What is Fee Only? 
Advisors get compensated in different methods. One is Fee-Only. The others are Fee-Based and Commission-Only.
Advisors at major financial institutions such as Merrill Lynch and Morgan Stanley Dean Witter are Fee-Based. A lot of investors get Fee-Based confused with Fee-Only. Although they might sound alike, they are different in many ways. With Fee-Based, the advisor charges a flat management fee plus other fees such as transaction fees, sales charges, miscellaneous expenses, and also commissions on products they sell to the investor in their asset allocation recommendations. These advisors are very keen to push their own firm's products as it is one of their main means of income. Another pitfall for becoming a client of an advisor who is part of a big institution is that the client also pays out of his or her pocket for advisors having to share their profits with the company. The firm has a profit sharing plan in place for its advisor program to cover the large overhead costs involved with everyday operations. To cover all these expenses and to earn a living, the advisors have to charge a hefty management fee. On average, a Fee-Based advisor charges 150 to 300 basis points. With these type of advisors, client's interests take a back seat to an advisor along with the company making a profit.

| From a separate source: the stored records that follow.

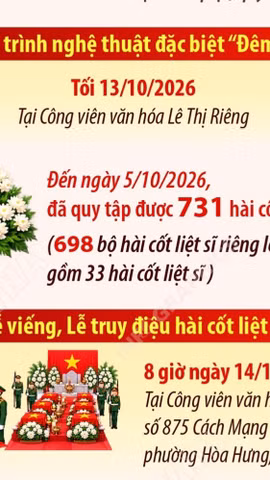 Lễ viếng, lễ truy điệu và an táng hài cốt liệt sỹ tại công viên Lê Thị Riêng diễn ra ngày 14/10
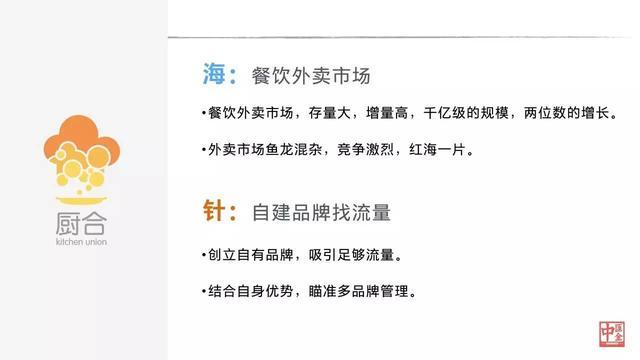 中汇金苗延飞：初创公司如何找准行业切入点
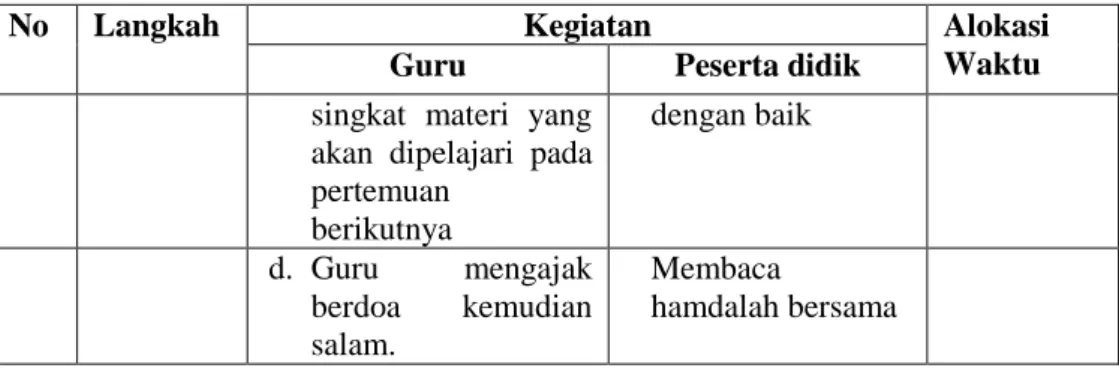 Tabel 4.5 Daftar Pembagian Kelompok 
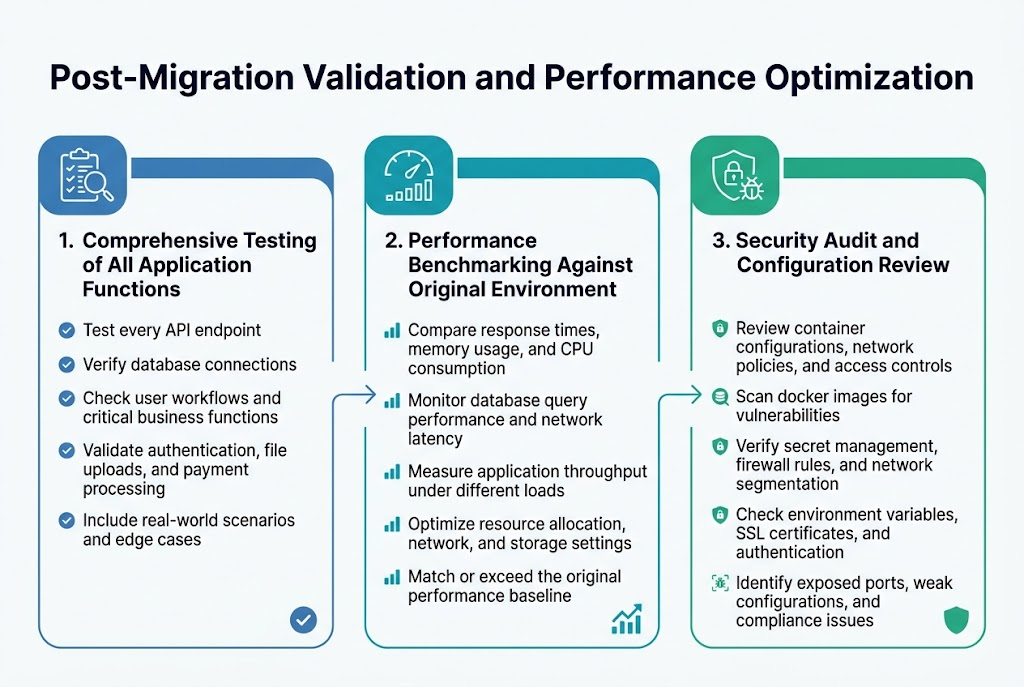 Post-Migration Validation and Performance Optimization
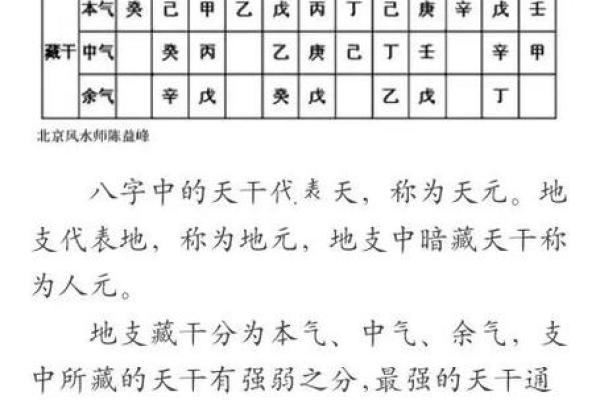 地支拱火局与命理的深度关系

Commission-Only is very similar to Fee-Based, but commission-only advisors do not charge a management fee. They work strictly on commission. Their main objective is to sell products. Their only incentive for dealing with an investor is that the investor might purchase one of their commissioned products. This type of a mind set might lead to bad advice. These so-called advisors are basically brokers. If you do not buy their product, they have no obligation to you. It's always selling with brokers. Due to the nature of their business, their attention towards a client is very minimal. They will be very attentive as long as you are purchasing their product, but once the investor has purchased it, they need to move onto another. On average, Commission-Only advisors charge about 200 to 300 basis points annually. Along with commission they earn, they also charge fees very similar to Fee-Based advisors. Their commission does not include transaction costs, sales charges, and other miscellaneous expenses.
In fact, some firms these advisors work for do not disclose their fees publicly until they have enough information on the investor. Firms usually make the investor call their toll free number to speak to a local broker or an advisor. They try to gather as much personal information they can gather before they actually explain their services and fees. This is just an invasive sales tactic they practice to bring clients in to the firm.